Exercise aim
Exact reproduction is required for the lines below starting at the line with "Venta Apartamento Loma" and ending at the line with "1999 - 2006", both included. No other lines, and no pictures.

━━━ Dataset content

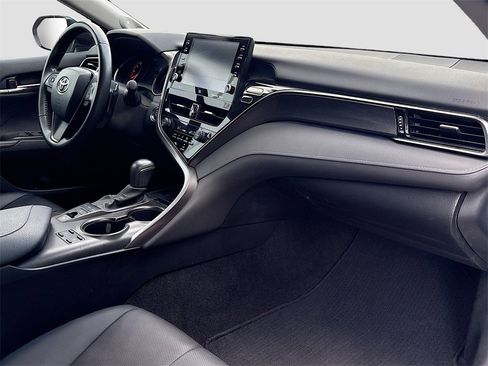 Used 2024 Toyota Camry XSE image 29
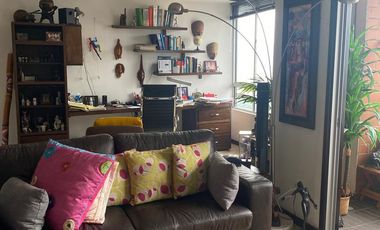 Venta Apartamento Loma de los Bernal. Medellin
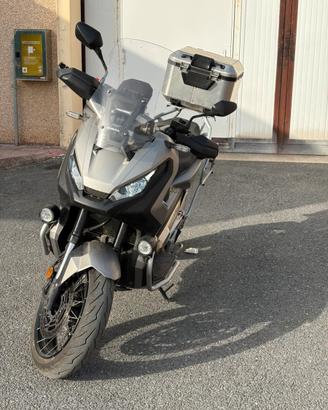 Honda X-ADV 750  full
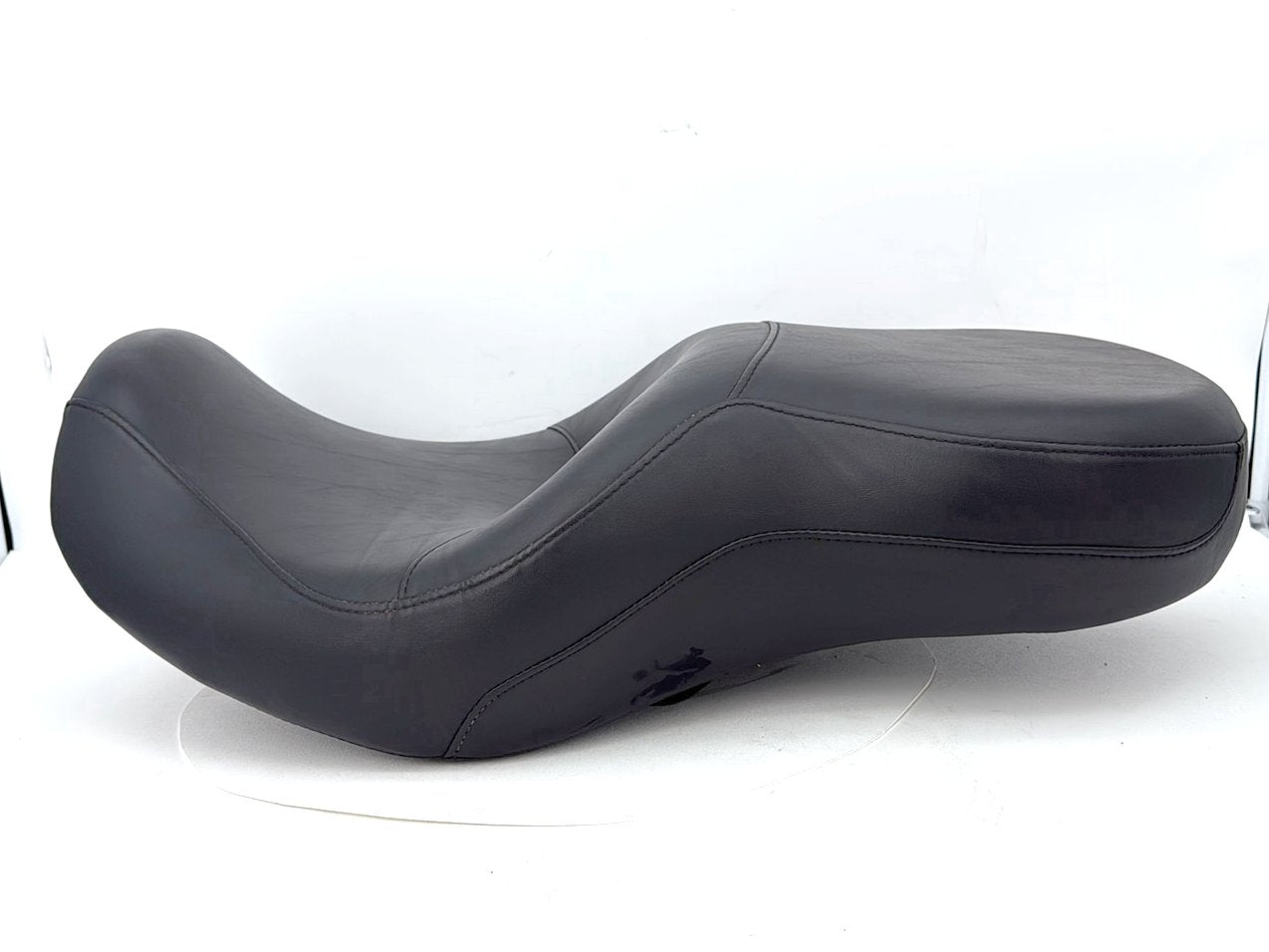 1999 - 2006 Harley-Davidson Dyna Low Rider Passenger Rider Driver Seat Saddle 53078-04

━━━━━━
━━━ Dataset content

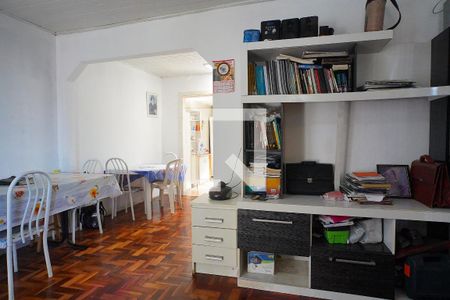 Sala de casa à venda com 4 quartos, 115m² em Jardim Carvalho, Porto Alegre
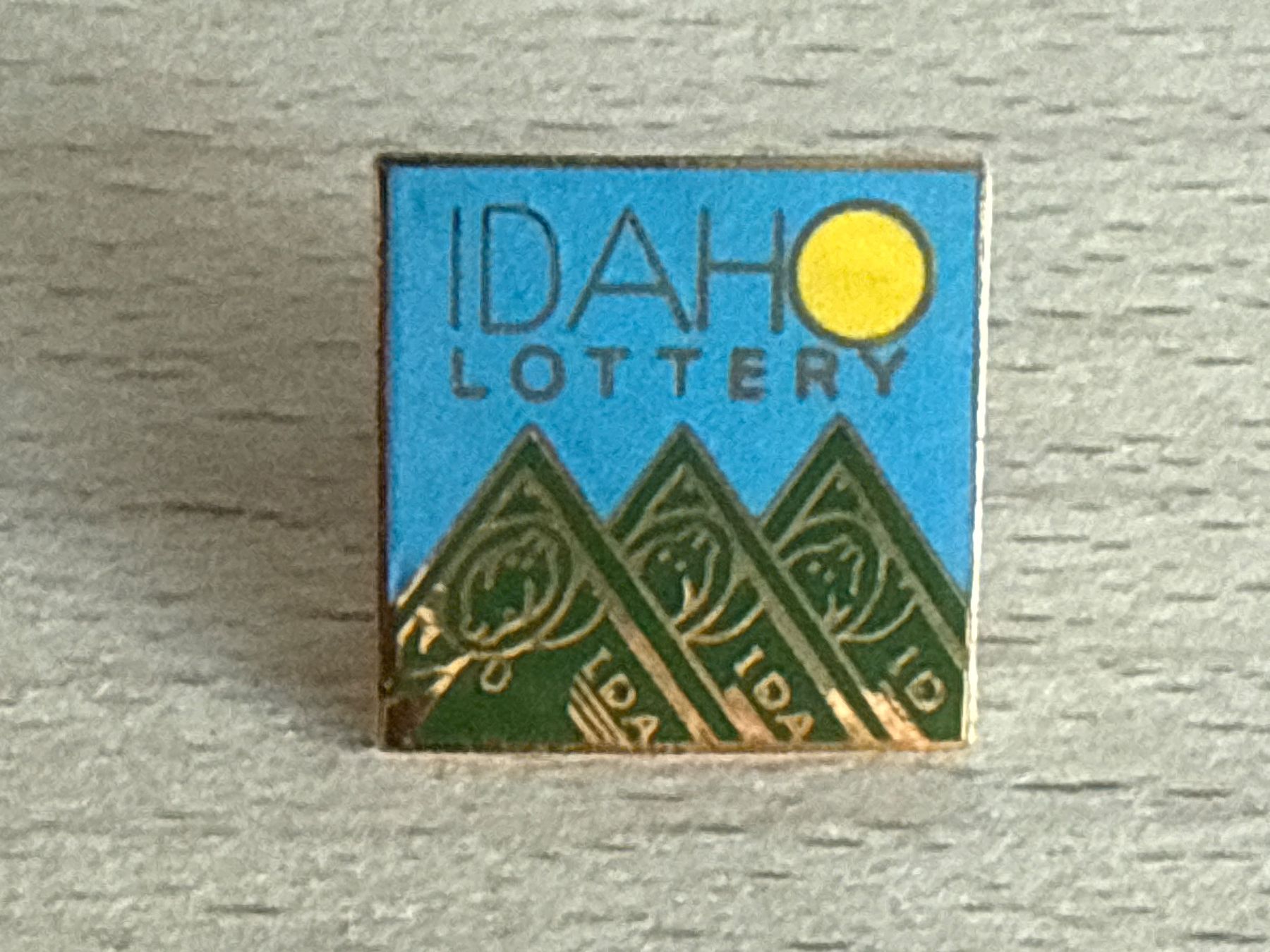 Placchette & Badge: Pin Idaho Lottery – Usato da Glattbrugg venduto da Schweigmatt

━━━━━━

Exercise solution
 Venta Apartamento Loma de los Bernal. Medellin
 Honda X-ADV 750  full
 1999 - 2006 Harley-Davidson Dyna Low Rider Passenger Rider Driver Seat Saddle 53078-04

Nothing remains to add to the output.